Raw lemon cheesecake is a delicious vegan gluten free dessert and not at all difficult to make. The lemon flavour is so light and refreshing and the raw crust is crunchy and delicious. A fabulous vegetarian cake recipe – an easy recipe. Try it!
For the crust you will need
150 g whole almonds
100 g 3/4 cup dried dates, pitted and roughly chopped
30 g 1/4 cup desiccated coconut
1 tbs water (more or less as required)
For the filling you will need
225 g whole cashew nuts
60 ml fresh lemon juice
60 ml coconut oil
60 ml cup agave syrup
1. Soak the cashew nuts in cold water for 4 hours. Rinse and drain. Set aside
2. For the crust mix the whole almonds, dates and coconut flakes in a food processor and pulse until finely chopped and crumbly. The mixture should stick together when compressed. Add a tablespoon of water if it doesn’t stick and blend again. Repeat if necessary
3. Press the crust mixture into bottom and sides of a cake tin with removable bottom. Make sure it is evenly covered. Set aside
4. In the food processor mix the drained cashews, lemon juice, coconut oil and syrup and blend until smooth and creamy. Pour the mixture onto the crust.

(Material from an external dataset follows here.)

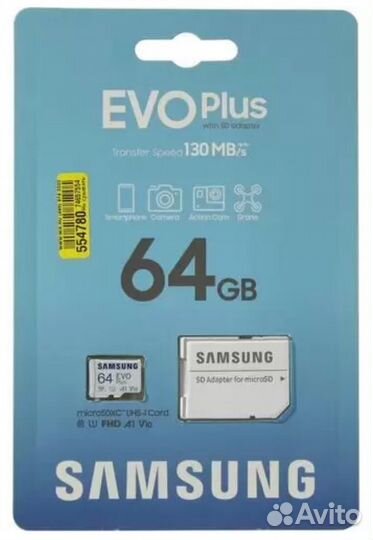 Карта памяти Samsung EVO Plus 64GB microsdxc Новая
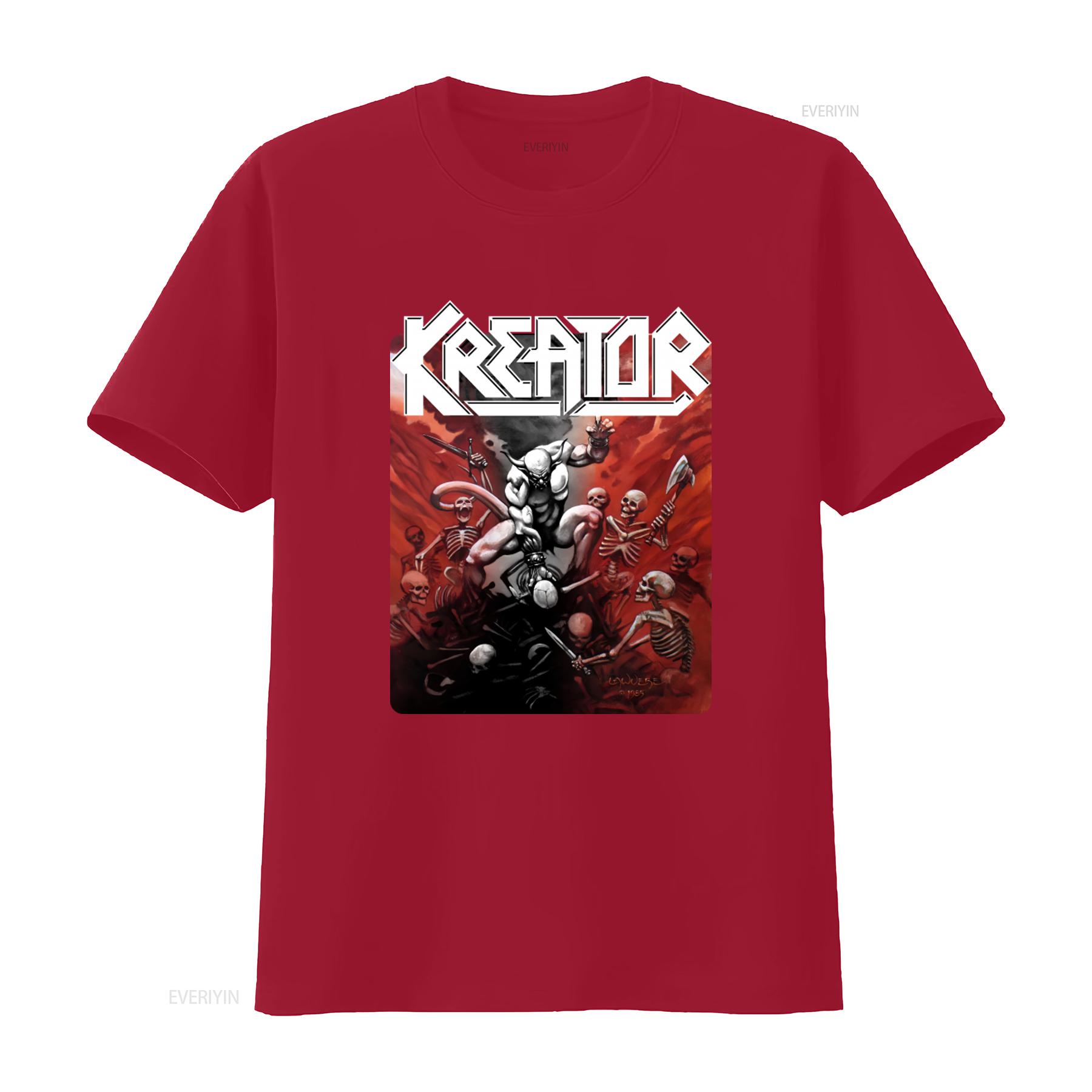 Kreator Pleasure To Kill Black T Shirt Heavy Metal Band Skull Skeleton Design Music Fan vintage Washed graphic Unisex Soft S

Spread evenly and smooth the top
5. Put the cheesecake in the freezer for 1-2 hours until firm. Cut into slices while still frozen.
6. The cheesecake should left in the fridge for 1 hour, or 20 mins on worktop, before serving
7. To serve top with fresh fruit (e.g. raspberries, blueberries etc.) or top with fresh fruit juice thickened with arrowroot poured on the top of the cheesecake and allowed to set.